Writes Mark Leibovich, chief national correspondent for New York Times Magazine:
This spring, for the first time since I started writing about politics a decade ago, I found myself completely depressed by a campaign. “How am I ever going to get through it?” is not the question you want to be asking yourself as you enter what are supposed to be the pinnacle few months of your profession.
He’s not alone. Reporters on the campaign trail tell Capitol Hill Blue that the fun has gone out of covering what used to be the Greatest Political Show on Earth.
“It’s a never ending, around-the-clock grind driven by an unforgiving 24-hour news cycle dominating by spin, partisan blogs and media manipulators,” complains free-lance writer Cal Rogers, who said this is his last campaign.
Walter Shapiro is covering his ninth presidential campaign.
“This is worse than normal, a lot less fun,” he tells Politico.
Former New York Post reporter Maggie Haberman, covering the 2012 race for Politico, says:
People are feeling grateful that it’s almost over.
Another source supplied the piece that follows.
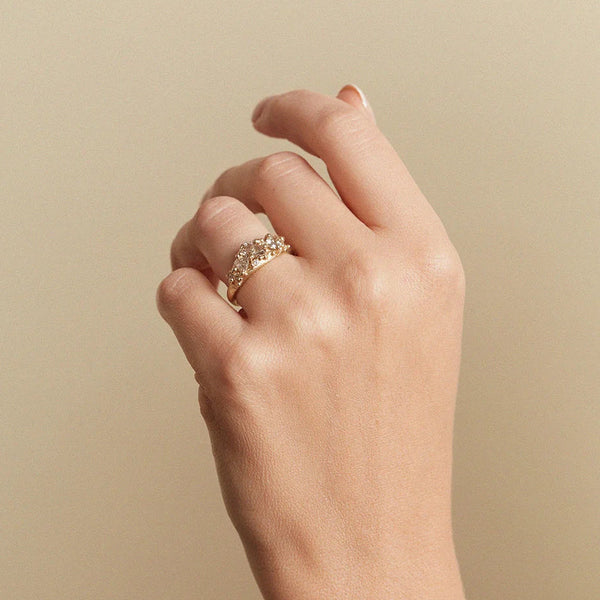 Asymmetric Champagne Diamond Ring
There has been this ongoing lack of enthusiasm. Neither side seems to be enjoying this race — not the Democrats or the Republicans, and not the reporters.
Capitol Hill Blue publisher Doug Thompson, who covered several presidential races as a newspaper reporter and worked as a media consultant in the 1984 Reagan-Bush campaign, says the joylessness is a reflection of the national mood:
We see too much anger, too much bitterness, too much despair — not only in politics but also in the American psyche. People look at those seeking elected office and ask: “Is that all there is.” Reporters follow the candidates around and realize there is no substance in the national dialog, just a drone of shallowness and partisan hyperbole.
Thompson missed last week’s Republican convention when his mother died just as the GOP confab began. On Monday, he decided to skip the Democratic convention in Charlotte, just a 9-minute drive from his home in the Southwestern Virginia mountains.
I’m going to climb on my Harley-Davidson, ride the open-road, and go in search of America. It’s out there somewhere. It’s not in Charlotte, it wasn’t in Tampa and it sure as hell is not on the campaign trail.